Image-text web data
-- -- --

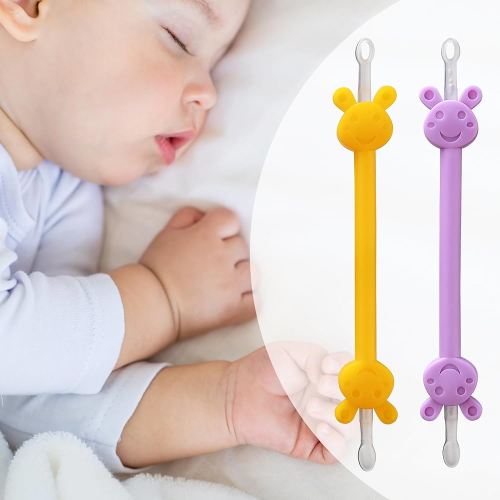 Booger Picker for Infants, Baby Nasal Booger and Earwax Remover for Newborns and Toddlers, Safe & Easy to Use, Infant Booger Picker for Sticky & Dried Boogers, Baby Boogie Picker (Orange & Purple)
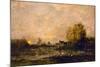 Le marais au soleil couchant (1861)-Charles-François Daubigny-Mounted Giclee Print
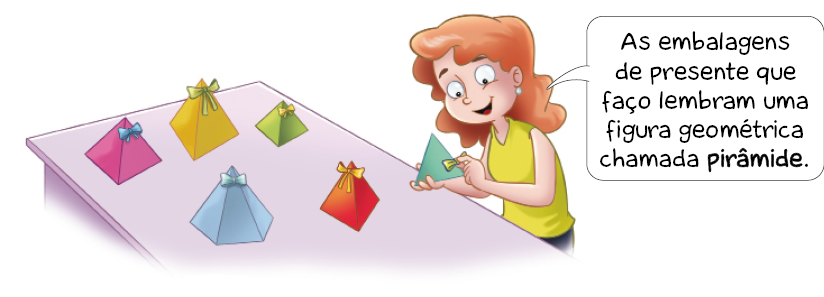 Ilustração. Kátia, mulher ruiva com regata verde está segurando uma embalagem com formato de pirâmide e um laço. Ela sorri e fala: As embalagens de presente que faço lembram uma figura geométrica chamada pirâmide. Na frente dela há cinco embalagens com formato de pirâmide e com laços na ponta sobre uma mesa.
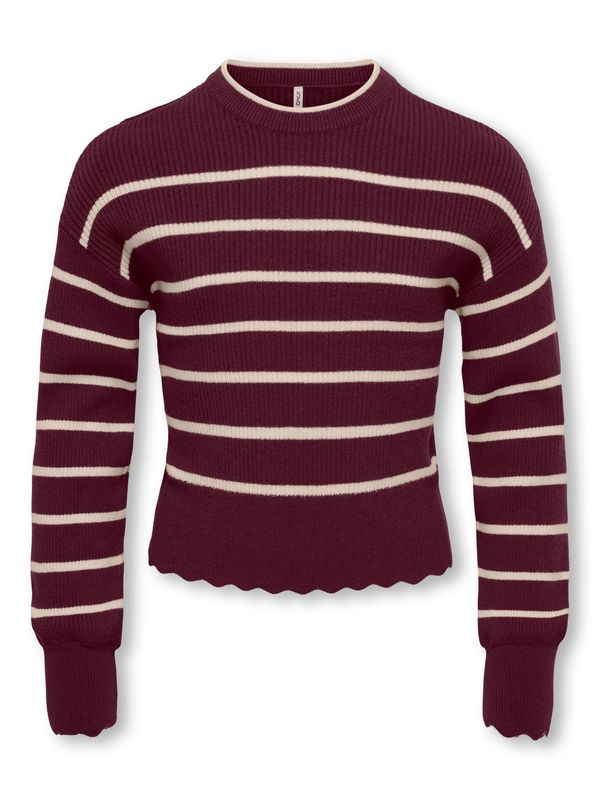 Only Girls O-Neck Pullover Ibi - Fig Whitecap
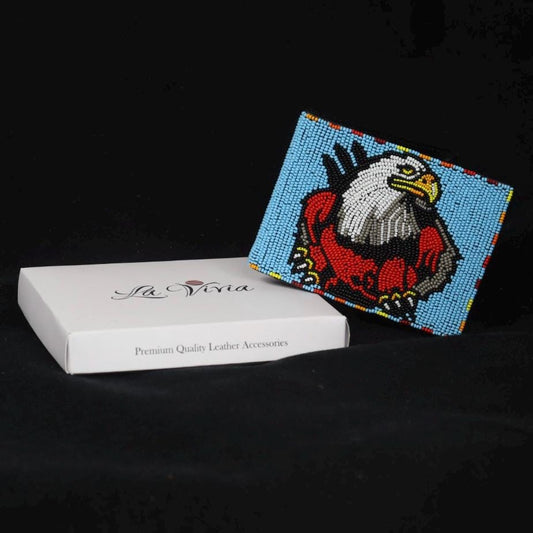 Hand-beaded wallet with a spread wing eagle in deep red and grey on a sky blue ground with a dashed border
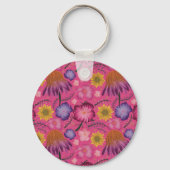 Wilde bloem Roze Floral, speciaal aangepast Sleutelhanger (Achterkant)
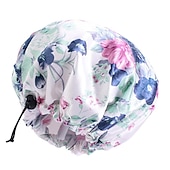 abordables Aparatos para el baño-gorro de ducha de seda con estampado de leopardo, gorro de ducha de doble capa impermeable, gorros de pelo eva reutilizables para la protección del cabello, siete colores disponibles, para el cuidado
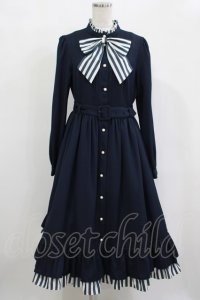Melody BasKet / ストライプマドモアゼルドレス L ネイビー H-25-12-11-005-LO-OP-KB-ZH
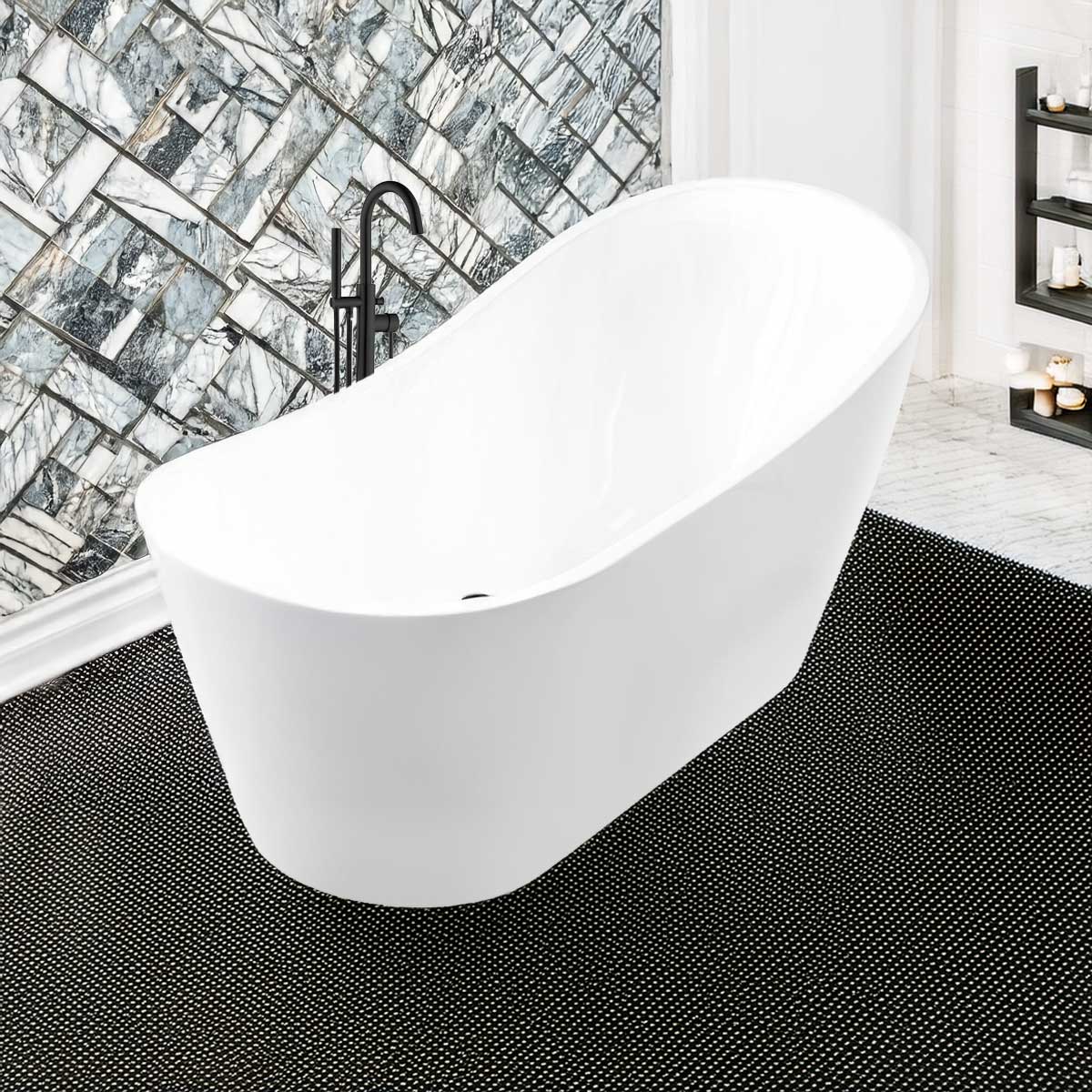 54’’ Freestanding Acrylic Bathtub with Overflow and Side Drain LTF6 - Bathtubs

-- -- --

_WHAT THE TASK REQUIRES:_ Give the records again exactly, pictures left out.

_ANSWER AREA:_
 Booger Picker for Infants, Baby Nasal Booger and Earwax Remover for Newborns and Toddlers, Safe & Easy to Use, Infant Booger Picker for Sticky & Dried Boogers, Baby Boogie Picker (Orange & Purple)
 Le marais au soleil couchant (1861)-Charles-François Daubigny-Mounted Giclee Print
 Ilustração. Kátia, mulher ruiva com regata verde está segurando uma embalagem com formato de pirâmide e um laço. Ela sorri e fala: As embalagens de presente que faço lembram uma figura geométrica chamada pirâmide. Na frente dela há cinco embalagens com formato de pirâmide e com laços na ponta sobre uma mesa.
 Only Girls O-Neck Pullover Ibi - Fig Whitecap
 Hand-beaded wallet with a spread wing eagle in deep red and grey on a sky blue ground with a dashed border
 Wilde bloem Roze Floral, speciaal aangepast Sleutelhanger (Achterkant)
 abordables Aparatos para el baño-gorro de ducha de seda con estampado de leopardo, gorro de ducha de doble capa impermeable, gorros de pelo eva reutilizables para la protección del cabello, siete colores disponibles, para el cuidado
Melody BasKet / ストライプマドモアゼルドレス L ネイビー H-25-12-11-005-LO-OP-KB-ZH
 54’’ Freestanding Acrylic Bathtub with Overflow and Side Drain LTF6 - Bathtubs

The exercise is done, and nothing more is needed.